- Chairperson: Lieuwe Terpstra
- Founded: 4 December 2002
- Ideology: Regionalism Federalism
- National affiliation: Independent Politics Netherlands
- Provincial Council of Groningen: 1 / 43
- Groningen municipal council: 1 / 45
- Oldambt municipal council: 2 / 25

Website
- www.partijvoorhetnoorden.nl

= Party for the North =

The Party for the North (Partij voor het Noorden, PvhN) is a regional political party in the Netherlands founded in December 2002 representing the interests of the provinces of Groningen, Friesland and Drenthe. The PvhN seeks a separate Parliament for these three northern provinces, and for 25% of the country's profits from natural gas to go directly to them.

==Elections==

Since 11 March 2003, the PvhN has had two seats on the Provincial Council of Groningen, and (since 6 March 2006) one seat on the municipal council of Delfzijl. In the provincial elections of 7 March 2007, the party remained stable, getting 3.6% of the vote, but was reduced from two seats to one seat in Groningen due to the reduction of the total number of seats in each provincial council. In Friesland and Drenthe, where the party contested for the first time in the 2007 elections; it won no seats that year.

In the Senate the Party for the North has allied with the Independent Senate Group (OSF). The OSF has won one seat in the Senate, by Henk ten Hoeve at Stiens.
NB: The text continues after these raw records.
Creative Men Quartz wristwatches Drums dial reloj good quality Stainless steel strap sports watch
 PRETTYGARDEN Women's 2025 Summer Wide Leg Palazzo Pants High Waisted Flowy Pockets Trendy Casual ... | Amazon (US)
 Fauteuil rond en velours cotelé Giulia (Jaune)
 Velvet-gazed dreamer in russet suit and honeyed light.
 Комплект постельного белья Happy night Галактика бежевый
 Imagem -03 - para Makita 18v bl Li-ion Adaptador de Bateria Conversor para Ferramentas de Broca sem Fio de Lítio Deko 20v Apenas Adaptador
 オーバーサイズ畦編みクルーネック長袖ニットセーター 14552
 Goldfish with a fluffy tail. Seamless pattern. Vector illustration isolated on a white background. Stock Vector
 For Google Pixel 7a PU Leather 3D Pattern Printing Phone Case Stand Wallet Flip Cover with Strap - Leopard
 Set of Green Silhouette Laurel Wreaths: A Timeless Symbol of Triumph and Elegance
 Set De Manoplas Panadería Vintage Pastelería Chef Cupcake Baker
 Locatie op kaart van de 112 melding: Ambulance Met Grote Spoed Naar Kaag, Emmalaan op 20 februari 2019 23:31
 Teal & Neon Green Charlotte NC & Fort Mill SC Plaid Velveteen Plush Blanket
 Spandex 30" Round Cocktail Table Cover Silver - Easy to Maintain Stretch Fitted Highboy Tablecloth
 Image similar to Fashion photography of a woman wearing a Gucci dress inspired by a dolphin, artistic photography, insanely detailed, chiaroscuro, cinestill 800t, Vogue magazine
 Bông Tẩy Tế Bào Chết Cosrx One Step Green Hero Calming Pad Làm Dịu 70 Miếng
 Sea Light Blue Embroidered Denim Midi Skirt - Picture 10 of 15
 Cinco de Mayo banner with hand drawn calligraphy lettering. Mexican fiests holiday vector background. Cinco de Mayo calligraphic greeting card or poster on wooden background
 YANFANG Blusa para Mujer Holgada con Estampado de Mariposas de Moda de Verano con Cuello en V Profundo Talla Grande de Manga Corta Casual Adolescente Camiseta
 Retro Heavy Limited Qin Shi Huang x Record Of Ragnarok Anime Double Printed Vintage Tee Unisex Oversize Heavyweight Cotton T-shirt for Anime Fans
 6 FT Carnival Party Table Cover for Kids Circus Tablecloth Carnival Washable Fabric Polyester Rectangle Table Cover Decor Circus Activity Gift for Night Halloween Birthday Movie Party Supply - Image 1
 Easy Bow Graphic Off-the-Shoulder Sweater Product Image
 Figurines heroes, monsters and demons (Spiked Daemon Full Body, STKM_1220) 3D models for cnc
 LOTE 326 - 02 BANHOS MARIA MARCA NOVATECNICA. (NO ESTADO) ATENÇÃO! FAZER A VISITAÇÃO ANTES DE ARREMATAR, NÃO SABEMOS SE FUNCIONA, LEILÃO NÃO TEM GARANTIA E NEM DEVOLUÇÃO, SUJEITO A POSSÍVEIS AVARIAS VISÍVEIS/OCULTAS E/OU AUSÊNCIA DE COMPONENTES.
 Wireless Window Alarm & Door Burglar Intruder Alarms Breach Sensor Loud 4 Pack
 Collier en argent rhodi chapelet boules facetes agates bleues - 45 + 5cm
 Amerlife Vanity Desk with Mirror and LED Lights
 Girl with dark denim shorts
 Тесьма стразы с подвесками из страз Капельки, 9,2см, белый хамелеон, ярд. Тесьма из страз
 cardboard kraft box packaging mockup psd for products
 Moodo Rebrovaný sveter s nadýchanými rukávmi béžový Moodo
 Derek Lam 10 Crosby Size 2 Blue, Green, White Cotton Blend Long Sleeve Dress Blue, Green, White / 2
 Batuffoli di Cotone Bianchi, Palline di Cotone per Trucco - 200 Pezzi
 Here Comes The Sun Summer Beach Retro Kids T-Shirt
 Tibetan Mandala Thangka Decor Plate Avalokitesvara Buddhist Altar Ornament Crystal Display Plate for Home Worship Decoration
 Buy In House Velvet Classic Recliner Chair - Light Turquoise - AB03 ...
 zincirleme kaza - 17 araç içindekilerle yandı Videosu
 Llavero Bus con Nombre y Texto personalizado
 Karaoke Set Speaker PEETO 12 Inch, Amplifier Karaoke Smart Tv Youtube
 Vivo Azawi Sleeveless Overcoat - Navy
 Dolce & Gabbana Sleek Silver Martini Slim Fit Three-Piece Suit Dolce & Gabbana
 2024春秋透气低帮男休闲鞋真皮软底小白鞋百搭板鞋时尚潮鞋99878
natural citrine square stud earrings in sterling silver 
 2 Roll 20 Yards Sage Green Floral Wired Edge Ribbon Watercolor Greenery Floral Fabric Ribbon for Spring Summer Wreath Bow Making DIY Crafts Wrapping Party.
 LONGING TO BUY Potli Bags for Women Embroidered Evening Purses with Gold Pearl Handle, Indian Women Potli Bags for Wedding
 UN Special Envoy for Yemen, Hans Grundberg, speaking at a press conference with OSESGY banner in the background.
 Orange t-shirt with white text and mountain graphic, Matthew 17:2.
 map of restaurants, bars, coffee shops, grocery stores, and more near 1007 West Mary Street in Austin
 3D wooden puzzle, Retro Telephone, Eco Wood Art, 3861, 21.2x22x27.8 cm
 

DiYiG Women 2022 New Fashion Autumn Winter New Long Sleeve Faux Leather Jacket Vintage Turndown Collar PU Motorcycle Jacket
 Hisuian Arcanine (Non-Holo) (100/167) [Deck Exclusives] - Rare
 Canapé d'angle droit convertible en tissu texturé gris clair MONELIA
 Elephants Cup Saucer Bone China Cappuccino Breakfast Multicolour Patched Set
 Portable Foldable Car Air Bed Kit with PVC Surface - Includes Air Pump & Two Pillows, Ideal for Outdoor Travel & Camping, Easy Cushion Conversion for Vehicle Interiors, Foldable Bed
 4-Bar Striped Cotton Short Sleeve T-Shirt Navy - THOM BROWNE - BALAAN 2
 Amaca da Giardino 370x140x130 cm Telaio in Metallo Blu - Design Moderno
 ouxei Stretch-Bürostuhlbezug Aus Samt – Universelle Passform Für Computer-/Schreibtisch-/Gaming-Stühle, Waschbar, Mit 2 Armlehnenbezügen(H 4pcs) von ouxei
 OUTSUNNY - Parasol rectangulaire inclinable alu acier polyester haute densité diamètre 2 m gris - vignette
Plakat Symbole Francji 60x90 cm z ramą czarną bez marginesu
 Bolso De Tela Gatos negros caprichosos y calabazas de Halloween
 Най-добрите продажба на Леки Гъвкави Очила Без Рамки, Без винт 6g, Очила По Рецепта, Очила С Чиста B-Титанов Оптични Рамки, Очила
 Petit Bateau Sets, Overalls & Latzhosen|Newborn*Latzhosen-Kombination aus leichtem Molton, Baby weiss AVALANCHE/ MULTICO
In the 2023 Dutch provincial elections, the party earned over 1% of the vote, a slight decrease on their previous result. Because of this, the party suffered the loss of one of its two seats, reducing their total to one seat. The party returned to OSF which rebranded themselves to "Independent Politics Netherlands" (OPNL).

==European Parliament==
In 2004, the party participated in the election for the European Parliament. The party obtained 18,234 votes (0.4% of the vote overall, reaching 4-5% of the vote in some northern municipalities), not enough for a seat.

==Municipal councils==
In the 2006 Dutch municipal elections, the PvhN for the first time contested in three cities (Groningen, Delfzijl and Emmen). In Delfzijl the party won one seat.